Tulpas, Tibet, and the Conjuration of Philip

When it comes to possible explanations for fortean or paranormal phenomena, I always find myself fascinated by the concept of the tulpa. Tulpa is a Tibetan word that is typically rendered into English as 'thoughtform'. The idea is that someone can create from their thoughts an actually entity or phantom and give it life. Alexandra David-Neel is credited with bringing the term and concept to the Western world in her 1929 book Magic and Mystery in Tibet. David-Neel had traveled extensively around the globe and was one of the first Westerners to be allowed entrance into Tibet and their religion and culture. David-Neel relates a lot of information to the reader about Tulpas in the Tibetan belief. According to David-Neel:

A Bodhisattva [David-Neel says this is a person that has attained a spiritual perfection that places them just below the Buddha] is the basis of countless magic forms. By the power generated in a state of perfect concentration of mind he may, at one and the same time, show a phantom (tulpa) of himself in thousands of millions of worlds. He may create not only human forms, but any forms he chooses....” (pg 121)

David-Neel continues by saying:

The power of producing magic formations, tulkus or less lasting and materialized tulpas, does not, however, belong exclusively to such mystic exalted beings. Any human, divine or demoniac being may be possessed of it. The only difference comes from the degree of power, and this depends on the strength of the concentration and the quality of the mind itself” (pg 121)

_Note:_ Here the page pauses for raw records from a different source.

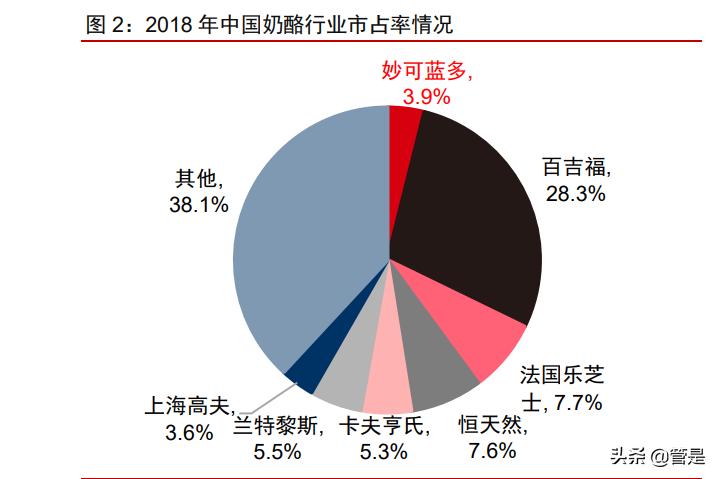 妙可蓝多中报盈利,妙可蓝多适合价值投资吗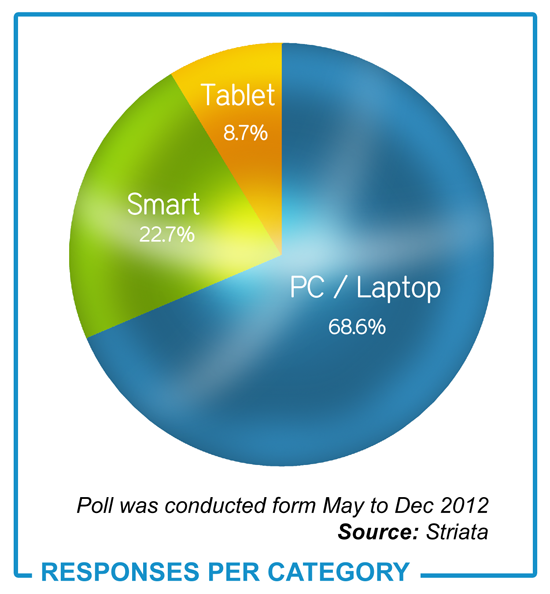 graph1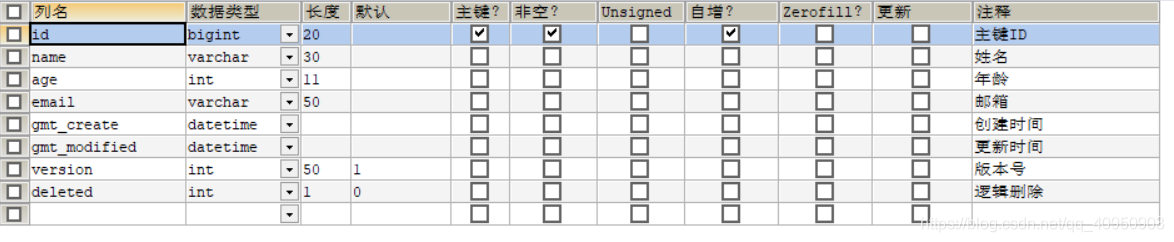 Mybatis-plus常用API全套教程，看完没有不懂的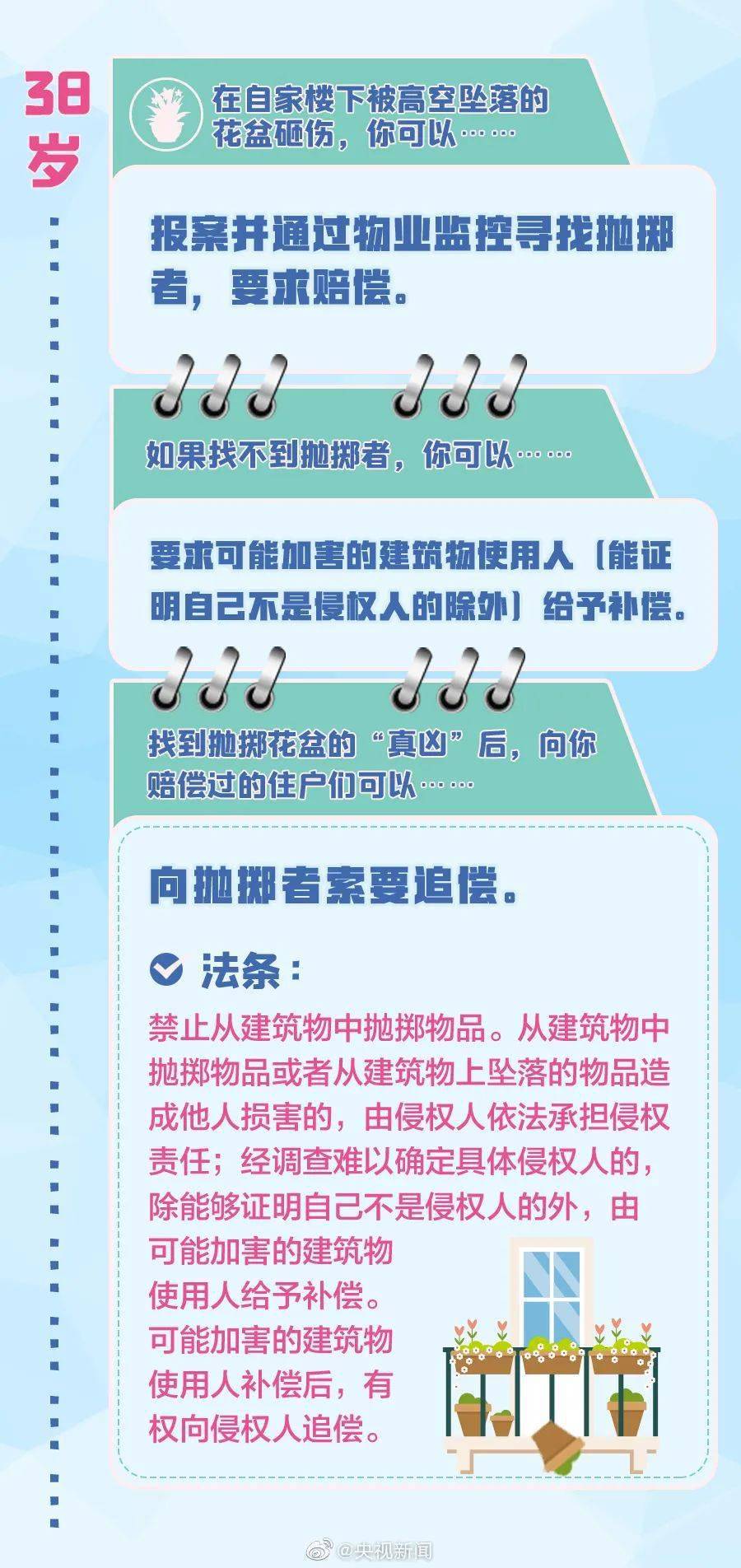 兼职工作者劳动法如何保障你的合法权益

With this in mind, I wish to take a look at a relatively modern example of the creation of a ghost named Philip. During the 1970s a group from the Toronto Society for Psychical Research, along with a Dr. A.R.G. Owen (who was a mathematician) meet in order to see if they could, in essence, create a ghost. The group was comprised of Dr. Owen, his wife, a former chairperson of Mensa, an industrial designer, an accountant, a housewife, a bookkeeper and a sociology student. Additionally a psychologist by the name of Dr. Joel Whitton would also attend some of their experiments. The original idea was that this group of people could create a ghost seemingly by meditating on the idea of him including the history of the ghost. They would then attempt to make contact with this discarnate entity through séances and gain information from it.

Here is a part of the biography for the spirit the group created in order to flesh out “Philip Aylesford”:

Philip was an aristocratic Englishman, living in the middle 1600s at the time of Oliver Cromwell. He had been a supporter of the King, and was a Catholic. He was married to a beautiful but cold and frigid wife, Dorothea, the daughter of a neighboring nobleman.

One day when out riding on the boundaries of his estates Philip came across a gypsy encampment and saw there a beautiful dark-eyed girl raven-haired gypsy girl, Margo, and fell instantly in love with her. 

He brought her back secretly to live in the gatehouse, near the stables of Diddington Manor - his family home.

For some time he kept his love-nest secret, but eventually Dorothea, realizing he was keeping someone else there, found Margo, and accused her of witchcraft and stealing her husband. 

Philip was too scared of losing his reputation and his possessions to protest at the trial of Margo, and she was convicted of witchcraft and burned at the stake.

Philip was subsequently stricken with remorse that he had not tried to defend Margo and used to pace the battlements of Diddington in despair. 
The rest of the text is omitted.